#### Description of the task:
Taking the entries below, transcribe only the lines starting with the one with "Peugeot 3008 191.000" and going on through the one with "Wedgwood Sarah’s Garden", exactly as written, without the pictures.
──────── Supplied material
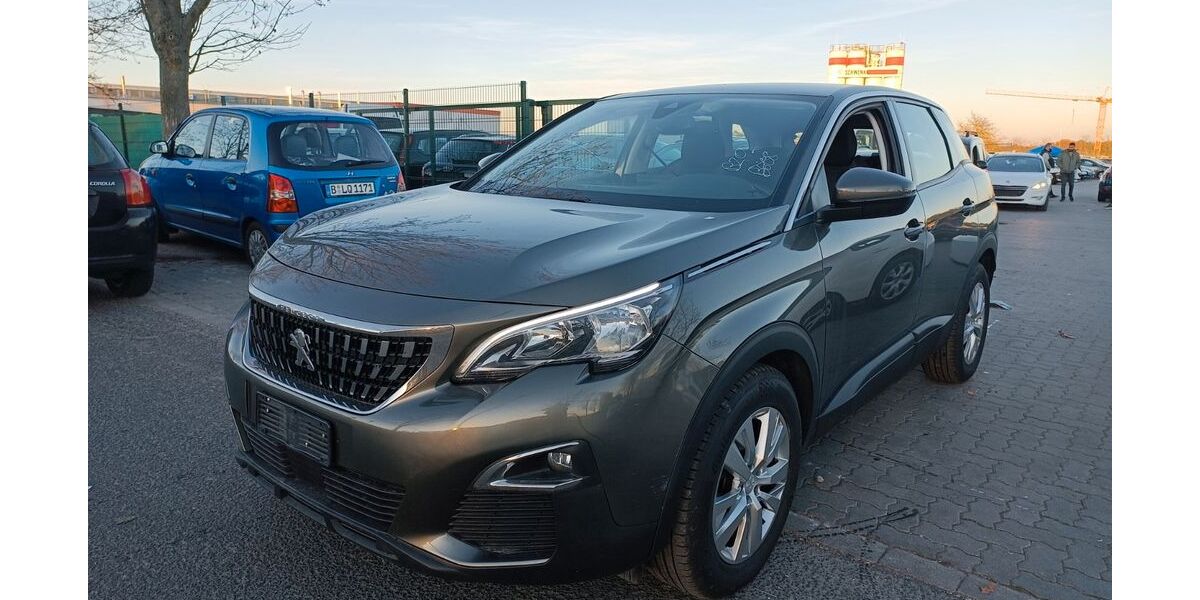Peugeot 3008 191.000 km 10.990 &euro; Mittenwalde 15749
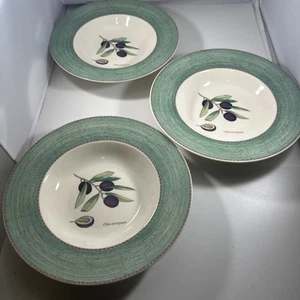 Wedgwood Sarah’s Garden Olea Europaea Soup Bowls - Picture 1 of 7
────────────────
──────── Supplied material
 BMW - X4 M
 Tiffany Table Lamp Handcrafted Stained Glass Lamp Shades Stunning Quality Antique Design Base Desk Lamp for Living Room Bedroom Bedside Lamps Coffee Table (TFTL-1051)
────────────────
──────── Supplied material
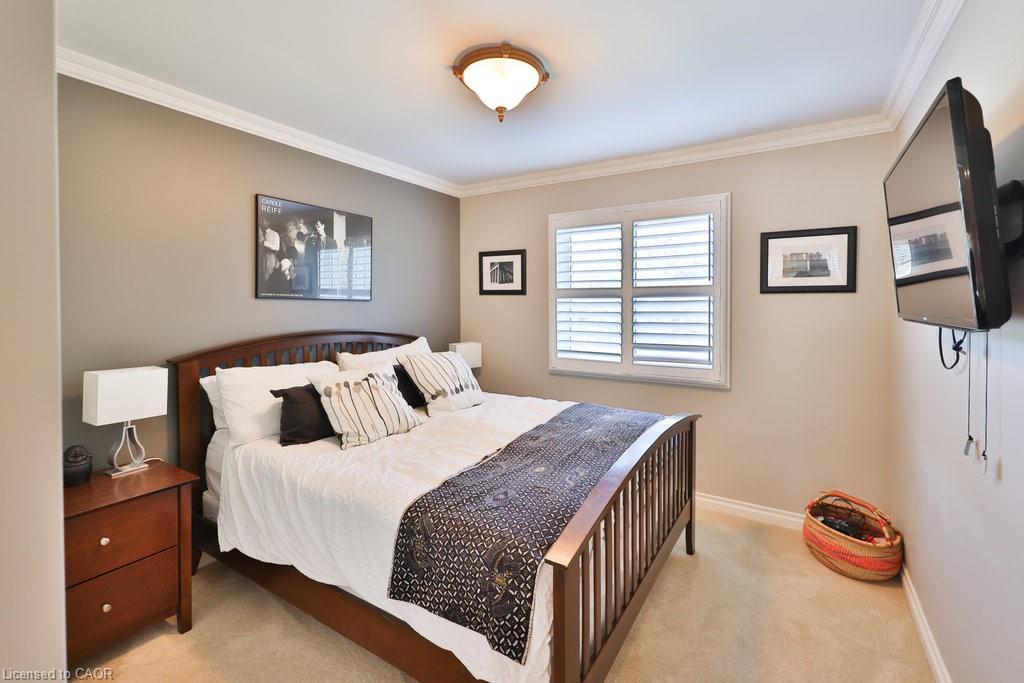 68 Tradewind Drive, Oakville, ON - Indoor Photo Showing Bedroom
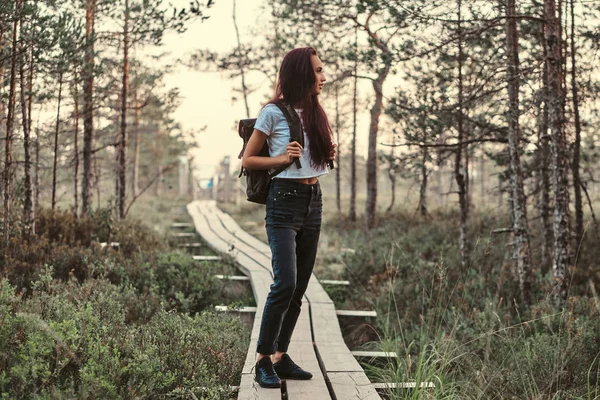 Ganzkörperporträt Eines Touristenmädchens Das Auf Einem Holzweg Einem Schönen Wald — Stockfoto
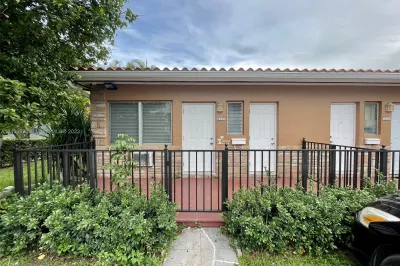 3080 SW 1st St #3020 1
────────────────
#### Exercise result:
Peugeot 3008 191.000 km 10.990 &euro; Mittenwalde 15749
 Wedgwood Sarah’s Garden Olea Europaea Soup Bowls - Picture 1 of 7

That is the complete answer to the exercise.